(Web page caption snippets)
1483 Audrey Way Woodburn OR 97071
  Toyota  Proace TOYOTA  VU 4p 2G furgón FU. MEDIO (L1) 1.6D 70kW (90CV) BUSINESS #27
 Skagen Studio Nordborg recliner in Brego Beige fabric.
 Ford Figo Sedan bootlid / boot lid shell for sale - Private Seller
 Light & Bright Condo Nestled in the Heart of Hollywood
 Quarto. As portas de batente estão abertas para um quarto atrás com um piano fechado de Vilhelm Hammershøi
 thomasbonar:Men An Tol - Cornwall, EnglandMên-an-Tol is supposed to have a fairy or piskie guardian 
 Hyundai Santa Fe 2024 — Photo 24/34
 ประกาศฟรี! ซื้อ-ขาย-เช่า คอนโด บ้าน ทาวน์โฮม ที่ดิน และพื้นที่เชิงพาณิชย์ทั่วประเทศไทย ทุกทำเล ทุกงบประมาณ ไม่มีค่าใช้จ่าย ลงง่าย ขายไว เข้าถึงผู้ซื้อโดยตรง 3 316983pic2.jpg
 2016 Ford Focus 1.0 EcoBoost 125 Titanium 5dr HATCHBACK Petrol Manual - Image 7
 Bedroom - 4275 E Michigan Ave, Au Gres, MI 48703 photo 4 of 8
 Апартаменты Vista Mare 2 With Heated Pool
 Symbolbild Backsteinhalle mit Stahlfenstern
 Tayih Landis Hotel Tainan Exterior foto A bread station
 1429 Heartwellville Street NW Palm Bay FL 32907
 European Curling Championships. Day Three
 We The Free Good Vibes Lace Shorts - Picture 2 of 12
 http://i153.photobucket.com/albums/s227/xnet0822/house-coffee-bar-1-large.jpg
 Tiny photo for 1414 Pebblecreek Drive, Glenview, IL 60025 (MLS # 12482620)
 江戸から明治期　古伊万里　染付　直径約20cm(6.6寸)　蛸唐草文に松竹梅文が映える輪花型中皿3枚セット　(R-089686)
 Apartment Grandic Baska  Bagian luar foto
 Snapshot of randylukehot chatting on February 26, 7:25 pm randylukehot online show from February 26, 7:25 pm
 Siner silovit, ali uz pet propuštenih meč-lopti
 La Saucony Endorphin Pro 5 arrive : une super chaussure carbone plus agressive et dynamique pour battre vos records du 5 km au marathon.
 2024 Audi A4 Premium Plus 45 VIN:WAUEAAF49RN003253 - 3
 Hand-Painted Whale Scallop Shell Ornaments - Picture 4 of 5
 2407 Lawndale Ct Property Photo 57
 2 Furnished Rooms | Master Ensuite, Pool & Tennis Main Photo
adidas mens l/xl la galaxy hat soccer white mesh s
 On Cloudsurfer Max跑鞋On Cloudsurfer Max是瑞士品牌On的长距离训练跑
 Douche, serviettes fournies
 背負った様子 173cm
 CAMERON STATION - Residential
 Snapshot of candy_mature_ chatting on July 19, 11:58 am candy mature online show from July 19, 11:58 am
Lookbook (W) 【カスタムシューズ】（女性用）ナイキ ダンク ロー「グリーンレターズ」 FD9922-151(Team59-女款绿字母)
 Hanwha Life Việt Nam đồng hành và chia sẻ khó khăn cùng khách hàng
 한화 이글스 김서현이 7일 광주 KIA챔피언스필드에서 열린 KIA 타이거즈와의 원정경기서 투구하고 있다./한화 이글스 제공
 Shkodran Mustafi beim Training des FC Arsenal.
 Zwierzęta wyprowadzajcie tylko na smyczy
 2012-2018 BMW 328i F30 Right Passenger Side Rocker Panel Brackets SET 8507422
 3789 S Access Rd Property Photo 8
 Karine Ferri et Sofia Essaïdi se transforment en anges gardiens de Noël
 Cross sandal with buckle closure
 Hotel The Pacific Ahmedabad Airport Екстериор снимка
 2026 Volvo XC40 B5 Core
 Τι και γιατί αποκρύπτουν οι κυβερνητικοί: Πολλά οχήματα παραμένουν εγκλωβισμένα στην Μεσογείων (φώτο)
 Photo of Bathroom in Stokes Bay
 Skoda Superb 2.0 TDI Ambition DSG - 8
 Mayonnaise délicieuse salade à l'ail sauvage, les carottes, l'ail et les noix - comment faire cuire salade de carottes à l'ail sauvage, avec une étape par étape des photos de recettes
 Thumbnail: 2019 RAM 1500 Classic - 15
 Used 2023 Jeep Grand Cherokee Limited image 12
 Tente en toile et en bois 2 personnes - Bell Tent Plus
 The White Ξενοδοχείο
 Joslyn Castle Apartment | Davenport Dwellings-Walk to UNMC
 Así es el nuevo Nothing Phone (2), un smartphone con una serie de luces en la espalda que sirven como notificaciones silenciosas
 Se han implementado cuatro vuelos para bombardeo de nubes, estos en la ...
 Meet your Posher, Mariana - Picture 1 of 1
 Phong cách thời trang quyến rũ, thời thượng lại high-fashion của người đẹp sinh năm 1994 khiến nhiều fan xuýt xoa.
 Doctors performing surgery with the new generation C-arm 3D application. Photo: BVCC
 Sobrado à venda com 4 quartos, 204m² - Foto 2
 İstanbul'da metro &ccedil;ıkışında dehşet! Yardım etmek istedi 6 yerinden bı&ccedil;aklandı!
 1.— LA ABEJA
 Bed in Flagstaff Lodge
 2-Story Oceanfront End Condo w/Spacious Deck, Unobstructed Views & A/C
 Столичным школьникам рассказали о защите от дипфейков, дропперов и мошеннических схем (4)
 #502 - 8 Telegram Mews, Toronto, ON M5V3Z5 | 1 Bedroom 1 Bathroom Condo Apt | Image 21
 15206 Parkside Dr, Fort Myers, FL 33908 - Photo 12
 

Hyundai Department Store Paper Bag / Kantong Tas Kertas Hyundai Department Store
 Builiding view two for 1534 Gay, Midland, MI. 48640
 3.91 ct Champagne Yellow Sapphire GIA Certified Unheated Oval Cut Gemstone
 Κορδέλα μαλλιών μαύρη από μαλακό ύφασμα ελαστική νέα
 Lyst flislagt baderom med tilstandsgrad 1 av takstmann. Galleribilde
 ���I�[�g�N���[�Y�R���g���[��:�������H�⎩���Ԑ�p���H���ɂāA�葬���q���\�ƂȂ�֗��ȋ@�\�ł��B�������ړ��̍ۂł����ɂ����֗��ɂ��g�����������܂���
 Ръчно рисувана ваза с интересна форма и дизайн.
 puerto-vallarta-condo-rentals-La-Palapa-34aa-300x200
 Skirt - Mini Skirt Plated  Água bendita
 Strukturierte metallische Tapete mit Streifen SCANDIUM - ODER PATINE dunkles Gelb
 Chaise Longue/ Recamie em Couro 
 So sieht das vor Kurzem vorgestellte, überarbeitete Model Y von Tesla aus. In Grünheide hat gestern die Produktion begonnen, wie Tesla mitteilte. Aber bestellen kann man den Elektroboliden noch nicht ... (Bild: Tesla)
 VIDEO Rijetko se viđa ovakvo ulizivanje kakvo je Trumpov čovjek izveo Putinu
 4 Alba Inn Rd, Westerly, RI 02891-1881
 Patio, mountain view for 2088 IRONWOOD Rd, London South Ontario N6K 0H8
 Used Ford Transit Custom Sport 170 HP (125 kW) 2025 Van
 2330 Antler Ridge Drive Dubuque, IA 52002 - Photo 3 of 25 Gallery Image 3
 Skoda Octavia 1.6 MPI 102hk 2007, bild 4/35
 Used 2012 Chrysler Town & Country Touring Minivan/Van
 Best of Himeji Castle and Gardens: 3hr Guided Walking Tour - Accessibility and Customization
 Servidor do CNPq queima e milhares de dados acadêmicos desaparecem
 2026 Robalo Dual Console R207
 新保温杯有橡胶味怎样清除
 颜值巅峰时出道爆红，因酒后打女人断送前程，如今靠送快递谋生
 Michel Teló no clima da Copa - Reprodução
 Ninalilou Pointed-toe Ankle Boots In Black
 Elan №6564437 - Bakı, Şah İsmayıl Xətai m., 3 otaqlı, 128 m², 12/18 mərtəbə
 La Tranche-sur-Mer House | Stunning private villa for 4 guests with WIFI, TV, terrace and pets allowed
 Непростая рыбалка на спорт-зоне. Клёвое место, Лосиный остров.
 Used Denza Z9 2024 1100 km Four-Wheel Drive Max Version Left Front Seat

Exercise instructions: Please transcribe the records exactly from their first line through the line holding "Light & Bright", and leave out all others.

Task answer:
1483 Audrey Way Woodburn OR 97071
  Toyota  Proace TOYOTA  VU 4p 2G furgón FU. MEDIO (L1) 1.6D 70kW (90CV) BUSINESS #27
 Skagen Studio Nordborg recliner in Brego Beige fabric.
 Ford Figo Sedan bootlid / boot lid shell for sale - Private Seller
 Light & Bright Condo Nestled in the Heart of Hollywood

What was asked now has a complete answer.